British Prime Minister Liz Truss has apologised for the tumultuous first few weeks of her leadership, which involved some of the most dramatic U-turns in British politics.
Speaking for the first time since her entire tax-cutting agenda was reversed by her new Chancellor, Jeremy Hunt, Truss admitted on Monday night that mistakes were made but insisted she is going nowhere and would lead the Conservative Party into the next general election. With rebellious voices within her party growing louder in recent days, the Tory leader insisted that she remains focussed on her economic growth mission of “delivering for the British people”.
"I recognise we have made mistakes. I am sorry for those mistakes, but I fixed those mistakes,” said Truss.
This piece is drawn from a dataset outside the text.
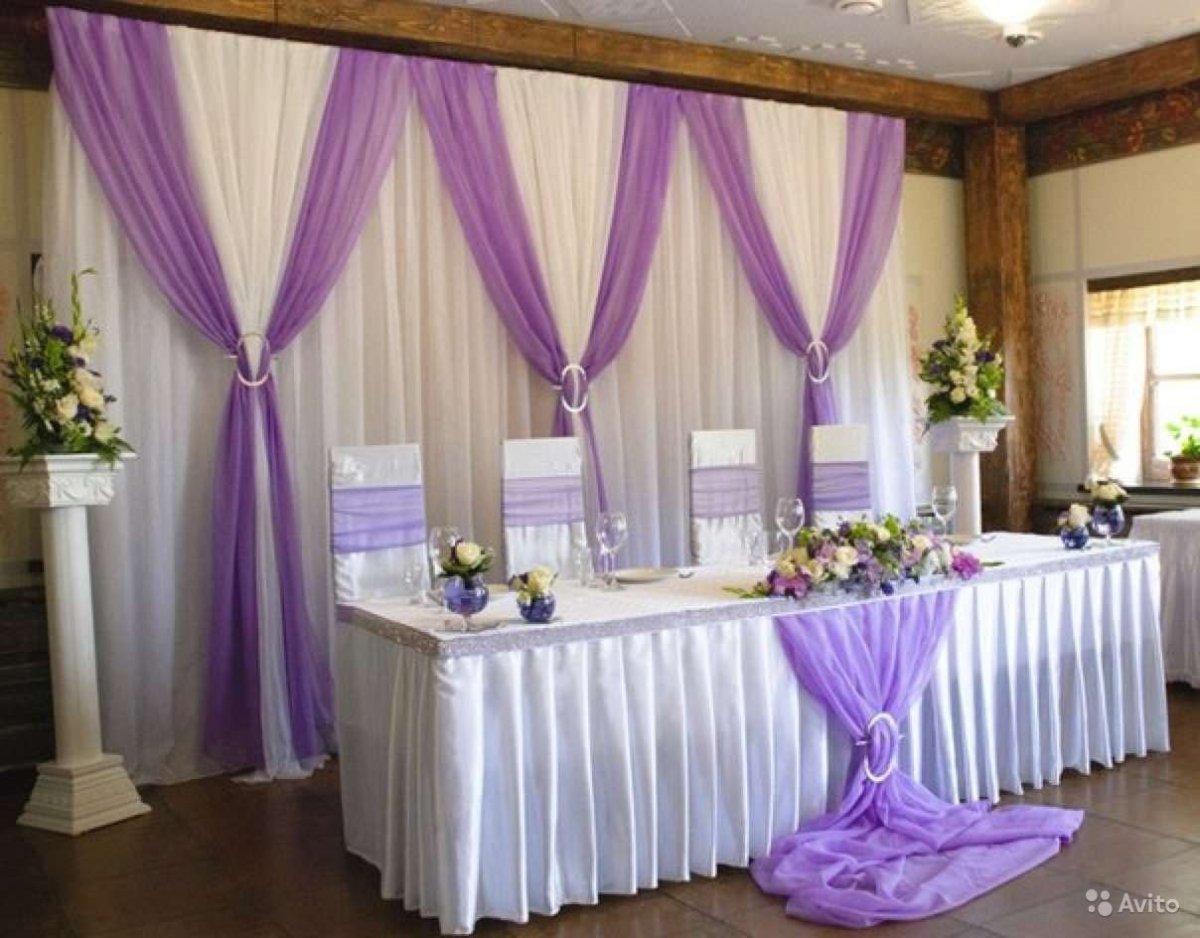 Украшение зала на свадьбу в сиреневом цвете тканью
“I appointed a new Chancellor, we have restored economic stability and fiscal discipline. What I now want to do is go on and deliver for the public. We were elected on the 2019 manifesto, and I want to go on and deliver that," she said.
She told the BBC that she is "sticking around" because she was elected to deliver for the country.
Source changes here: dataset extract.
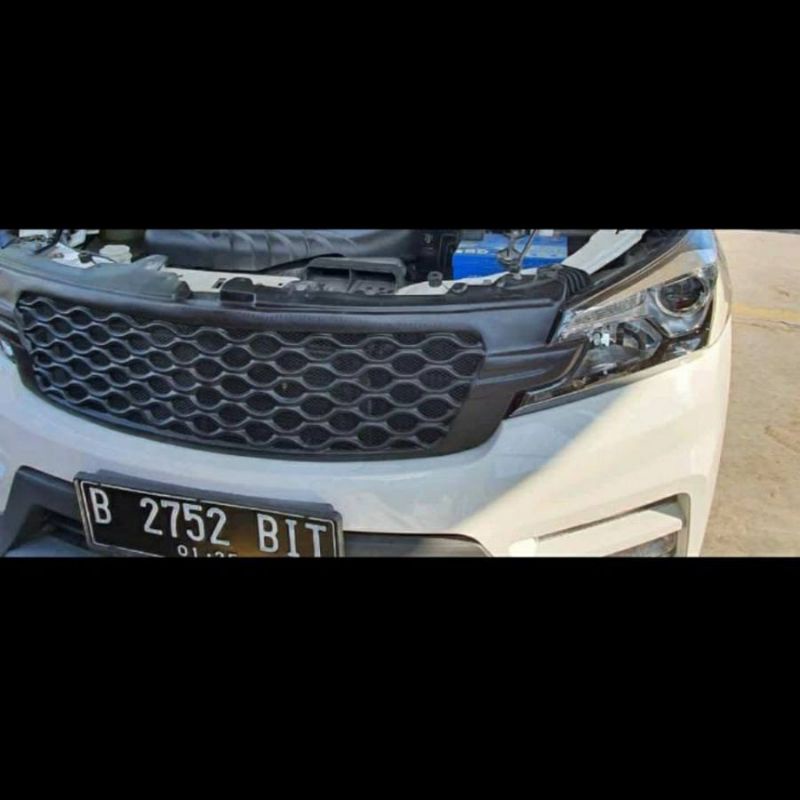 GRIL DFSK 560 MODEL RANGE ROVER HITAM GLOSI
"We are in difficult economic times; we are in different international times with the war being perpetrated in Ukraine. Now is the time to focus on delivering, making sure we are delivering on our energy package," she said.
On her tax-cutting Growth Plan, delivered by her now-sacked former Chancellor Kwasi Kwarteng and since completely reversed, she explained: "I wanted to act... to help people with their energy bills to deal with the issue of high taxes, but we went too far and too fast. I've acknowledged that."
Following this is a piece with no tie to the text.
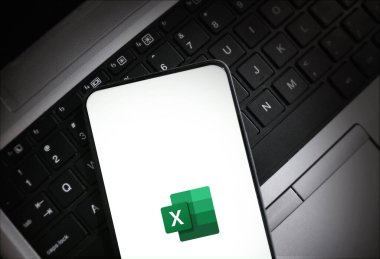 Akıllı telefon dizüstü bilgisayarda Excel logosunu gösteren klavye arkaplan resimli editör.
She was speaking at the end of another packed day when the new finance minister, Jeremy Hunt, made an emergency fiscal statement to cancel almost all the tax cuts announced in last month's mini-budget. He insisted that he remains “extremely confident” about the country's “long-term economic prospects, but growth requires confidence and stability and the UK will always pay its way”.
It has intensified calls for Truss to be replaced as Tory leader and Prime Minister, with Hunt seen as the de facto chief making all the decisions, which bear no resemblance to the so-called “Trussonomics”, or the tax-cutting vision Liz Truss had campaigned on during the leadership contest against former Chancellor Rishi Sunak.